No entanto, nenhum país criou uma taxa de entrada como Veneza. A maioria dos destinos inclui uma taxa turística como parte das contas de acomodação ou associada a uma passagem aérea ou visto de turista. Esta será a primeira vez que os turistas precisarão pagar para entrar em uma cidade.

O objetivo final do imposto também é diferente. No caso das Ilhas Baleares ou de Belize, os impostos são cobrados especificamente para financiar projetos de turismo sustentável.
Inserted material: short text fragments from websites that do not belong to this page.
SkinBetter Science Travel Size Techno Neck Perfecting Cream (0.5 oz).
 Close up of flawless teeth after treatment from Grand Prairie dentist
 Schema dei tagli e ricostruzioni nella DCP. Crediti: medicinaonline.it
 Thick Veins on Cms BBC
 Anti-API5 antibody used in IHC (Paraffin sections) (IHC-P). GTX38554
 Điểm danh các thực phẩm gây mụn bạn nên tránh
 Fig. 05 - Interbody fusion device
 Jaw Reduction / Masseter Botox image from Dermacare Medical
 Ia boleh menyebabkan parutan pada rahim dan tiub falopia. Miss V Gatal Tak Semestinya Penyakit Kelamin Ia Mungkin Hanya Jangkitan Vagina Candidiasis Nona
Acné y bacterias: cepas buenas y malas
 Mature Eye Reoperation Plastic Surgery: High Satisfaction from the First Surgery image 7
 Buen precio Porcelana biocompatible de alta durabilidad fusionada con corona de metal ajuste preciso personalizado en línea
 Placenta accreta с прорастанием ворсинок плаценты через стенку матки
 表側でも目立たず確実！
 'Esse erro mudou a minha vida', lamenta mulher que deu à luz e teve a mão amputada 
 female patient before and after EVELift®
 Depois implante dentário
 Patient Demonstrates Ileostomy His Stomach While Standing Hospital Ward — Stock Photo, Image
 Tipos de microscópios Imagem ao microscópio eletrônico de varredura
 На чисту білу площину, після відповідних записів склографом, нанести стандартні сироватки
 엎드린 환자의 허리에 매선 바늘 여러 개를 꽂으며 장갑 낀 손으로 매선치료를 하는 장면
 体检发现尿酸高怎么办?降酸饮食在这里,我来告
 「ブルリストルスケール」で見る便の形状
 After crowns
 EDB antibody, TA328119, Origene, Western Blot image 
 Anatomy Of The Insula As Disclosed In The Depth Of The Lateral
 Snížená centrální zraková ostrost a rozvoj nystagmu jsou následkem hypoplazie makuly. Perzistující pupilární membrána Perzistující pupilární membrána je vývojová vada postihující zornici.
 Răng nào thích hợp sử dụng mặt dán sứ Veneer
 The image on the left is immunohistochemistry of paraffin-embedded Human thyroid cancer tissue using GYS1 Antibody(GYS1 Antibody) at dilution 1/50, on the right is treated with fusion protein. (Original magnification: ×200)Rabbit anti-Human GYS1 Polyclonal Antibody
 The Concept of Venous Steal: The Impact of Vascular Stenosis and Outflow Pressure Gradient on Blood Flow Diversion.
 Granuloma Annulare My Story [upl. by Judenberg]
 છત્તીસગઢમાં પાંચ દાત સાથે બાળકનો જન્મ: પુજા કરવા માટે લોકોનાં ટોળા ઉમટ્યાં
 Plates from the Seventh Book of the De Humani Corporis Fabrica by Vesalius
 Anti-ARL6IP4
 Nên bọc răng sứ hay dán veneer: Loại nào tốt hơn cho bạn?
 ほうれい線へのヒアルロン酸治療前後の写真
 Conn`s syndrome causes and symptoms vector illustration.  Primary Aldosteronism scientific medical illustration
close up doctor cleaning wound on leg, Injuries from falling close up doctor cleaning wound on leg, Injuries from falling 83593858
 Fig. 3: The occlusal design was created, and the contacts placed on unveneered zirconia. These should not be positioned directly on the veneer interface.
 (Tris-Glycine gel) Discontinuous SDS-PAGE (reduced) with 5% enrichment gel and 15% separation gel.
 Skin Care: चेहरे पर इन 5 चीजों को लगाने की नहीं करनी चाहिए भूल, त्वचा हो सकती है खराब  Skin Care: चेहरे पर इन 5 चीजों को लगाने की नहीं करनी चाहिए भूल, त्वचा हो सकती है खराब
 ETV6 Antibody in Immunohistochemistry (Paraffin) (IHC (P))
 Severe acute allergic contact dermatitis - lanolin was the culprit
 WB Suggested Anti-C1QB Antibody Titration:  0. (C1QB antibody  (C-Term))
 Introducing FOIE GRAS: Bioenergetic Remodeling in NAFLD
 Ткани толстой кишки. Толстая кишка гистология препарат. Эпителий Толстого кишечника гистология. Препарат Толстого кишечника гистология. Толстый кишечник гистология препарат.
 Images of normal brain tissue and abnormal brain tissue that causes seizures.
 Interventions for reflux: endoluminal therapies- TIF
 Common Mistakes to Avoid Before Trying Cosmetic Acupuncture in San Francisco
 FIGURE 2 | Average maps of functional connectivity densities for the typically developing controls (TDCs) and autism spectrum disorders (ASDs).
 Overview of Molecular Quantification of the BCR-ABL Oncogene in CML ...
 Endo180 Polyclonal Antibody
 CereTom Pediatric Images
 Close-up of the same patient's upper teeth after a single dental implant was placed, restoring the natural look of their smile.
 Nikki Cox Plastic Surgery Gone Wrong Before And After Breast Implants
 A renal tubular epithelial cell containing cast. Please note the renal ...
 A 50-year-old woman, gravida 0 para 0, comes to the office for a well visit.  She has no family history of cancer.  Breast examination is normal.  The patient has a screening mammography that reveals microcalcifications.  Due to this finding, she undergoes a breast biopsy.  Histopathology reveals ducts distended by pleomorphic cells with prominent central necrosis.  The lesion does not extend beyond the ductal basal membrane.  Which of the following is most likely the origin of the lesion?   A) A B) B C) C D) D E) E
Em vez disso, a taxa de entrada em Veneza não vai para um fundo específico.

Venturini diz que o dinheiro arrecadado dos visitantes será usado apenas para cobrir os custos do sistema de reservas.

Muitos destinos impactados pelo excesso de turismo, como Machu Picchu ou a Antártida, estabeleceram um limite diário para o número de pessoas autorizadas a entrar em um único dia. No entanto, Veneza, como explicou Venturini, é uma cidade e não um local turístico e impor um limite ao número de visitantes iria contra o direito constitucional italiano à livre circulação.

Segundo Valetia Duflot, fundadora da Venezia Autentica, organização que promove o turismo sustentável em Veneza, basta um pouco de pesquisa. Ela sugere ficar por algumas noites – assim você poderá ver Veneza quando os turistas estiverem fora – e, se possível, procurar acomodações de propriedade local, gastar dinheiro em restaurantes e souvenirs de comerciantes locais e escolher guias totalmente licenciados.

Chiuch acrescenta que parte da resposta está na criação de uma consciência. “Sempre conto aos visitantes sobre os desafios de Veneza, como o impacto negativo dos navios de cruzeiro”, disse ela, “e dou dicas sobre como sair dos caminhos tradicionais e evitar parar em áreas congestionadas”.

Ela também acredita que a promoção de práticas sustentáveis pode conscientizar os turistas sobre o papel deles na preservação da cidade. “Sempre digo aos visitantes que Veneza faz parte da nossa herança humana coletiva”, disse ela, “por isso é nossa responsabilidade coletiva preservar a sua beleza”.